Continuing my tour of the Spark ecosystem today’s focus will be on Alluxio, a distributed storage system that integrates nicely with many compute engines – including Spark.
What is Alluxio ?
The official definition of Alluxio is (or at least that’s how one of its author presents it):
Alluxio is an open source memory speed virtual distributed storage
Let’s see what each of these terms actually means:
- open source: Alluxio is open sourced under the Apache license 2.0. It has attracted one of the fastest growing community with thousands of contributors on github. It is also used by many companies (including the big ones) all over the world.
- memory speed: Like Spark, Alluxio leverages the fact that memory IO is much faster than disk IO and improves data access time which is quite important in a big data environment.
- virtual: Alluxio provides a virtual naming making it easy to access any data wherever it might be stored. Much like we can easily access any file from a file system without knowing on which disk (or host) it resides – all we need to know is the path to that file.
- Distributed storage: Alluxio is distributed meaning it scales horizontally and run on commodity hardware.
These all look like promising!

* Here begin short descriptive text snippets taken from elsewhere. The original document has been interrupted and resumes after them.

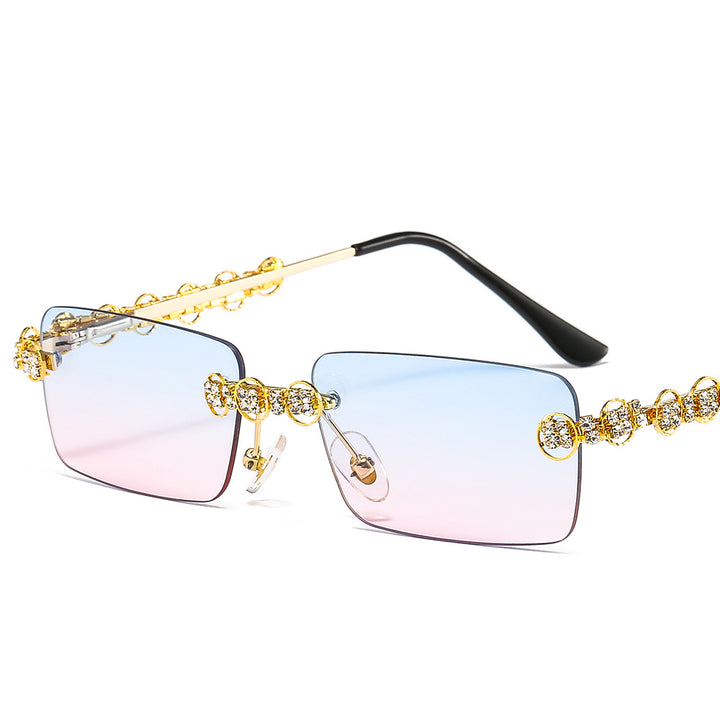 Women's designer sunglasses with sparkling frame and rectangular lenses Stornfield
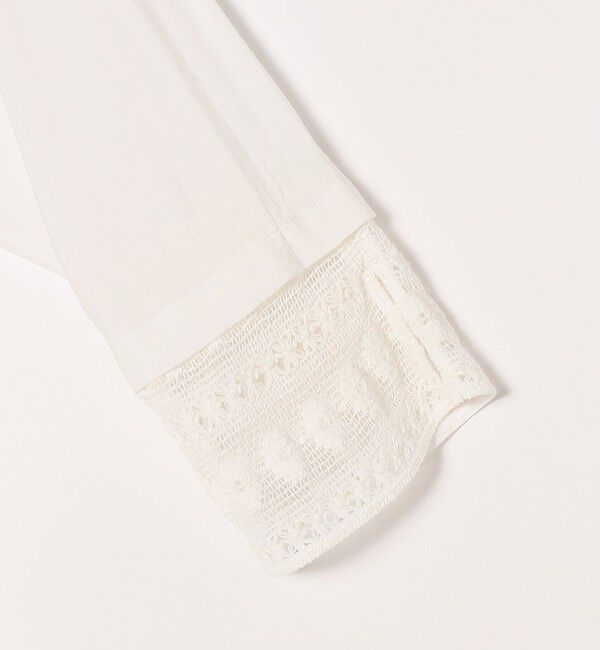 quaranciel「quaranciel: クロシェ レース レイヤード シャツ ワンピース」|ワンピース|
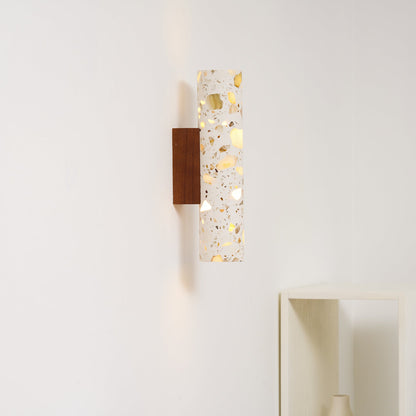 Wandlamp Terrazzo Cilinder – Walnoot Houten Basis – Handgemaakt Natuursteen – Retro Kolom Design – Warm Licht G9 – Woonkamer Slaapkamer Gang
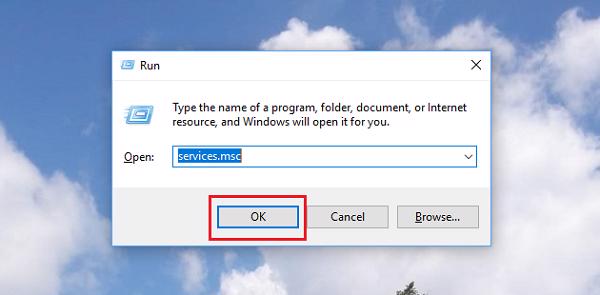 Gõ lệnh services.msc và nhấn vào OK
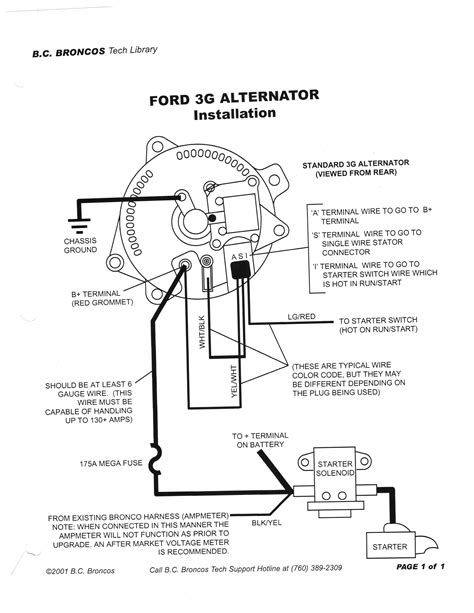 Ford Alternator Wiring With Gauge Dia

But really what is it?
Well if you take a quick look at the big data world today things can be split into 2 categories:
- The compute engine: Spark, Hadoop, Flink, … These are the big data frameworks that allows to run some computation over the data
- The physical storage: All this data must be stored somewhere most likely using some distributed filesystems: HDFS, S3, GlusterFS, Parquet, …
And each compute engine should be able to access any of these file systems.
And this is exactly where Alluxio comes into place, right in the middle, between these 2 categories.
Alluxio architecture is follows a master/workers scheme. It requires a master node (which can be fault tolerant – using zookeeper?).
The master node is in charge of maintaining the unified namespace (i.e. the file system tree) and keeping track of the available workers.
The workers manage local resources (RAM, SSD, disk), stores chunk of data and fetch data from the underlying physical storage. They also respond to client request and report heartbeat to the master node.
With this architecture it’s easy to increase the storage capacity by adding more workers to the system.
This architecture can be also located in the same cluster as the application (e.g. Spark) so that you benefit from data locality.
The most obvious benefit is that is decouples the applications from the physical storage. The application just needs to integrate with Alluxio and they can automatically support any of the physical storages supported by Alluxio.
The integration is pretty simple as Alluxio provides different interfaces to integrate with including HDFS, key/value and file system interfaces. It means that as soon as your framework can “talk” to one of these interfaces it can integrate with Alluxio.
E.g if your framework works only on top of HDFS it can integrate with Alluxio and support S3, GlusterFS, GCS (Google Cloud Storage), …. for free.
As Alluxio sits between the application and the physical storage it can save the data into its own memory as it fetches it from the real storages.
As a result you gain speed: it ‘s much faster to read data from Alluxio’s memory than from S3 going over the internet.
Alluxio provides some additional tiered storage for SSD and disks in addition to memory.
The data stored into the tiered storage is manage by Alluxio and is not directly accessible. (in a similar way that HDFS as not directly readable – data is chunked into many files with some additional metadata).
Usage shows that it’s common to gain an order of magnitude in terms of speed when running computation using Alluxio.
The unified naming really works in the same way as we mount disks and hosts into a file system.
It’s the master job to maintain this unified naming.
This feature is disabled by default but seemed quite interesting to me. The idea – taken from Spark (I suppose) – is to keep track of which jobs produce which data.
So that if some data is no longer accessible Alluxio can re-trigger the jobs that generated the data.
This allows huge saving in terms of space. You don’t need to duplicate all the data several times over the cluster. You can only store it once and recompute it in the seldom case of failure.
I am not sure how useful it is in practice but the idea sounds interesting and worth to explore.